Provided entries.
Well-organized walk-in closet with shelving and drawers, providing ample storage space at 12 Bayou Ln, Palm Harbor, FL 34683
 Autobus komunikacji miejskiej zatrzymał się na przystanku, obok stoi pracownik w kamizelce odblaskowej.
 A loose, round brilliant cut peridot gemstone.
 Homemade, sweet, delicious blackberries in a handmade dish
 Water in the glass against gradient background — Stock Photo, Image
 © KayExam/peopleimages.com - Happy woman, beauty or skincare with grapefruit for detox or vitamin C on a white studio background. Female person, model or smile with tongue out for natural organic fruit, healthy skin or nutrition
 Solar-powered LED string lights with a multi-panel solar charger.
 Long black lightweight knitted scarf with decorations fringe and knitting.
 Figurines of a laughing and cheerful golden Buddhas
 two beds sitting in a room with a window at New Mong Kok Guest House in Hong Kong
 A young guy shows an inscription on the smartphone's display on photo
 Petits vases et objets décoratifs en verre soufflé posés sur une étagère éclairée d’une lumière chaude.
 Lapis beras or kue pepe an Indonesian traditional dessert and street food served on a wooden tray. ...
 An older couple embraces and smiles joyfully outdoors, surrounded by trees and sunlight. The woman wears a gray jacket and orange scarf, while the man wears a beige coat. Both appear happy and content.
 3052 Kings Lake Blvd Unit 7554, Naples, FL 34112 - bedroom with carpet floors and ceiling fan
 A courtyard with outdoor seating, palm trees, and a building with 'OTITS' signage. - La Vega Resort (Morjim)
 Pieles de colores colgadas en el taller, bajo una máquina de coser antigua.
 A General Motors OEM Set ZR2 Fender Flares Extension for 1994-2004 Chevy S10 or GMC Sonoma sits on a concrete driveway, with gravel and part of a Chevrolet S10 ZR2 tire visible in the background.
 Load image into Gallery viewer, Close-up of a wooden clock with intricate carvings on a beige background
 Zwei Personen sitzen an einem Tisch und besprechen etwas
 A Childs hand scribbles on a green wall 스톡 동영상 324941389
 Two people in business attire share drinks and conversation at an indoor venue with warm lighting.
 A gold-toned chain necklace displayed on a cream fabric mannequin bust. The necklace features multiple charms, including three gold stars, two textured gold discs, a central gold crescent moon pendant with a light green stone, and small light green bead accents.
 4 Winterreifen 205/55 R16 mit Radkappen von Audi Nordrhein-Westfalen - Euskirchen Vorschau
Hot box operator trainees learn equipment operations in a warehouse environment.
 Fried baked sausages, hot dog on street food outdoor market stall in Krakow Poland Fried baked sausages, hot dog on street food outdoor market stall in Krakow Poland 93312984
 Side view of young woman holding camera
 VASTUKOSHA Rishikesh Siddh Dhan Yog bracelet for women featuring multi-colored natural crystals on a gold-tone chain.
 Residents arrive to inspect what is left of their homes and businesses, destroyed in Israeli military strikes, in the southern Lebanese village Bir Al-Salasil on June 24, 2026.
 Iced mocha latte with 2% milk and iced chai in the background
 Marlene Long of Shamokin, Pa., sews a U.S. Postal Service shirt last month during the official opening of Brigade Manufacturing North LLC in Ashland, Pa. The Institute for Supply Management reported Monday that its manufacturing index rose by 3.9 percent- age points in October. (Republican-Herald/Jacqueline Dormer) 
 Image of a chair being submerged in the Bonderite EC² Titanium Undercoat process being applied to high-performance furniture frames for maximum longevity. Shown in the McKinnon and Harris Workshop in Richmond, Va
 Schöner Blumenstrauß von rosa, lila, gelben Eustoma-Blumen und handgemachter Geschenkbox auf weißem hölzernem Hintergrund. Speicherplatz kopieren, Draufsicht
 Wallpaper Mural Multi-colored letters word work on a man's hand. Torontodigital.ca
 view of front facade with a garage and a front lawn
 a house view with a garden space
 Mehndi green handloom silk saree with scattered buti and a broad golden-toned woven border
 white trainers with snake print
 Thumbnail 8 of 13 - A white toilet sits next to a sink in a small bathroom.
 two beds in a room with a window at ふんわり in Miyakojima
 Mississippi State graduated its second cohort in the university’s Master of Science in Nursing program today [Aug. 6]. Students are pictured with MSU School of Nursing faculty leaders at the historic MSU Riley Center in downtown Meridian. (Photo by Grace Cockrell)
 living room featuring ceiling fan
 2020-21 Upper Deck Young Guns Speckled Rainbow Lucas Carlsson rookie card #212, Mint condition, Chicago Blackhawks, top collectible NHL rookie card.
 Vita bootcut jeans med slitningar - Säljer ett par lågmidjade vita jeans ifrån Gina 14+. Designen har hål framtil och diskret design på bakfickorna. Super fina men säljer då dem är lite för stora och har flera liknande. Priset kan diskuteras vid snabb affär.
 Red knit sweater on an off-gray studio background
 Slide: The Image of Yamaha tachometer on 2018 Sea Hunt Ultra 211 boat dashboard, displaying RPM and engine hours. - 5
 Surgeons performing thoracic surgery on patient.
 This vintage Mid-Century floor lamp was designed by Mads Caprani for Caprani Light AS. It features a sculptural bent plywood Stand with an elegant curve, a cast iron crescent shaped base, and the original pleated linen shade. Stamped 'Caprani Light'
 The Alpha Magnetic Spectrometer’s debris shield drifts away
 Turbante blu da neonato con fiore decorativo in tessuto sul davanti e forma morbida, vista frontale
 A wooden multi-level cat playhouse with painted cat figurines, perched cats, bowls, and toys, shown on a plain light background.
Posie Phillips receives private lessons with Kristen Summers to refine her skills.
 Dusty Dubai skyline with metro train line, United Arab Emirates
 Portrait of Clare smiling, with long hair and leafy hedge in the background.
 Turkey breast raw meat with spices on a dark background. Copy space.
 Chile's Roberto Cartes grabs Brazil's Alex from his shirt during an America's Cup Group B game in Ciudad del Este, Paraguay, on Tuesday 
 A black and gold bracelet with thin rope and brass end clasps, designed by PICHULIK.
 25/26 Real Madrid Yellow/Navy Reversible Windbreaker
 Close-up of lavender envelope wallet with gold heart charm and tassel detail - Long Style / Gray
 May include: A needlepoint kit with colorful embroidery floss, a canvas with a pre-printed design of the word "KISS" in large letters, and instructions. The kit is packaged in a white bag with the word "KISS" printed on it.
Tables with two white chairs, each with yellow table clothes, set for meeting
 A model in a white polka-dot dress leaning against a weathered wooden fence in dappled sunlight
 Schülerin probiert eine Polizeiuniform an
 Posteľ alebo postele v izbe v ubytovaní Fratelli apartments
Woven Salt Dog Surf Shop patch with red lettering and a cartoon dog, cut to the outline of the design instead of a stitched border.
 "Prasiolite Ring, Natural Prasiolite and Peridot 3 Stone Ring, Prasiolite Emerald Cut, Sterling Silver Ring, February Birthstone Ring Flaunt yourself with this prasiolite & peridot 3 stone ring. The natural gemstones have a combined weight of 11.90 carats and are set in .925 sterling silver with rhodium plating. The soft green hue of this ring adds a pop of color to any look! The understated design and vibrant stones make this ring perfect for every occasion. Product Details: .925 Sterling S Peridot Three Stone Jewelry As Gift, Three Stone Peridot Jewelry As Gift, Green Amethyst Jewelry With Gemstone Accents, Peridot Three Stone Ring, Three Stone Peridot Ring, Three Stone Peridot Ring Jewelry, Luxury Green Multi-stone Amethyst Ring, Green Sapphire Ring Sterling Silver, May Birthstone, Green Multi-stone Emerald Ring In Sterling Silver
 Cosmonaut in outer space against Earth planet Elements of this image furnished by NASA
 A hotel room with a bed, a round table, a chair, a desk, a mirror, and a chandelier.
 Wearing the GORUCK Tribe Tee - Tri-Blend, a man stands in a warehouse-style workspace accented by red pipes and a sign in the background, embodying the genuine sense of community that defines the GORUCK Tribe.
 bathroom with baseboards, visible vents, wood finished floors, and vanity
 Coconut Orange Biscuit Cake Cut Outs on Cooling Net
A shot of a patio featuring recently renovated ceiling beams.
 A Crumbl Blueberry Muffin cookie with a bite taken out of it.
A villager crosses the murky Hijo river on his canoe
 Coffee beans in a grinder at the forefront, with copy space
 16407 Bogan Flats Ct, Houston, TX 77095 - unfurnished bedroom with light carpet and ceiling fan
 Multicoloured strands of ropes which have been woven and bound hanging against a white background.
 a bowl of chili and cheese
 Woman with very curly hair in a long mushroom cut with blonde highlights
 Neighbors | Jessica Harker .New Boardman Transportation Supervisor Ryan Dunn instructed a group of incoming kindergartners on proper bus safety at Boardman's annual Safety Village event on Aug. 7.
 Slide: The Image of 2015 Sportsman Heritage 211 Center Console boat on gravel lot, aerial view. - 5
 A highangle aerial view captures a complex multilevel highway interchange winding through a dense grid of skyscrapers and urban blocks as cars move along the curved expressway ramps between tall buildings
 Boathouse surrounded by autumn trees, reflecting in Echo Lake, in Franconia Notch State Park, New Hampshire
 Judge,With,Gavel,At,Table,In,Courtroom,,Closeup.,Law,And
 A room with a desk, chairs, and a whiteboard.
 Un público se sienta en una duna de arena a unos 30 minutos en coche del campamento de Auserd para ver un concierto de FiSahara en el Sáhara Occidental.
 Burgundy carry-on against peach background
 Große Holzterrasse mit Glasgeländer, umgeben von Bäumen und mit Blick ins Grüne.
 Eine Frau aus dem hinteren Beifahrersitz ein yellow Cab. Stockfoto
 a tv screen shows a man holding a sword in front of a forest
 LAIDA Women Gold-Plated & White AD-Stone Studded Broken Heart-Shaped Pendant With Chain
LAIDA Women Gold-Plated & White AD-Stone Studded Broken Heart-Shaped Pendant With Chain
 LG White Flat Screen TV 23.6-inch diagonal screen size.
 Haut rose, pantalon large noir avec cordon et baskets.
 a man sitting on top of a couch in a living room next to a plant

Work required. For every line above that holds the word "LAIDA", report the whole line.

Solution for this task.
 LAIDA Women Gold-Plated & White AD-Stone Studded Broken Heart-Shaped Pendant With Chain
LAIDA Women Gold-Plated & White AD-Stone Studded Broken Heart-Shaped Pendant With Chain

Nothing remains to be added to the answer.